Avevano dato loro l'appellativo di “Madamin” pensando così di ridicolizzarne la portata dell'azione e ricondurla all'interno delle mura domestiche. Sette mogli in tarda età che non hanno di meglio da fare. Elite annoiata che gioca alla politica. E invece sette professioniste della società civile hanno compiuto l'insperato nel 2018 e portato in piazza 40mila persone a dire “Sì” alla Tav, al treno veloce che collegherà Torino a Lione. Il progetto, ideato negli anni Novanta, prevede una linea ferroviaria di 235 chilometri per passeggeri e merci che affiancherebbe quella voluta da Cavour, troppo in pendenza per poter essere convertita all'alta velocità.

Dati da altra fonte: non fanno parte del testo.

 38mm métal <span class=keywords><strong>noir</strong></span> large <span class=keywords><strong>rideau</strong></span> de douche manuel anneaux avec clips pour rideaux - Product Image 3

Grazie alla protesta di piazza guidata dalle donne della borghesia piemontese, il termine Madamin, o signora sposata, ha superato i confini locali ed è entrato nel linguaggio nazionale con una doppia accezione positiva: sinonimo dell'Italia che vuole andare avanti senza scuse né scorciatoie e quella di donne finalmente capaci di aggregare e di fare politica.

L'iniziativa è nata dopo che il consiglio comunale di Torino con 23 voti favorevoli e 2 contrari ha approvato la mozione dei 5Stelle che aveva chiesto di fermare il progetto fino all'arrivo di un'ulteriore valutazione costi e benefici. Il disegno volto a incrementare il traffico su gomma e a connettere l’Italia alla Francia e all’Europa, sarebbe in buona parte finanziato dall'Unione europea, perché parte della nuova rete infrastrutturale europea, e poi dalla Francia e dall'Italia. Ma a causa di valutazioni economiche e ambientali nella Val di Susa ha da anni dato vita al movimento italiano dei No-Tav.

Patrizia Ghiazza, Adele Olivero, Donatella Cinzano, Simonetta Carbone, Roberta Dri, Giovanna Giordano e Roberta Castellina. La loro avventura è cominciata a Torino ma non si ferma qui. Ben più ampio sta diventando lo scopo della protesta che hanno sollevato. Se otterrà il sostegno di una fetta ampia della società civile proseguirà a Genova il 20 gennaio per poi sbarcare a Milano, Padova, Como, Piacenza e Roma. Obiettivo: sbloccare le grandi opere e, con esse, il futuro di un’Italia che non rinuncia né alla crescita né all'Europa.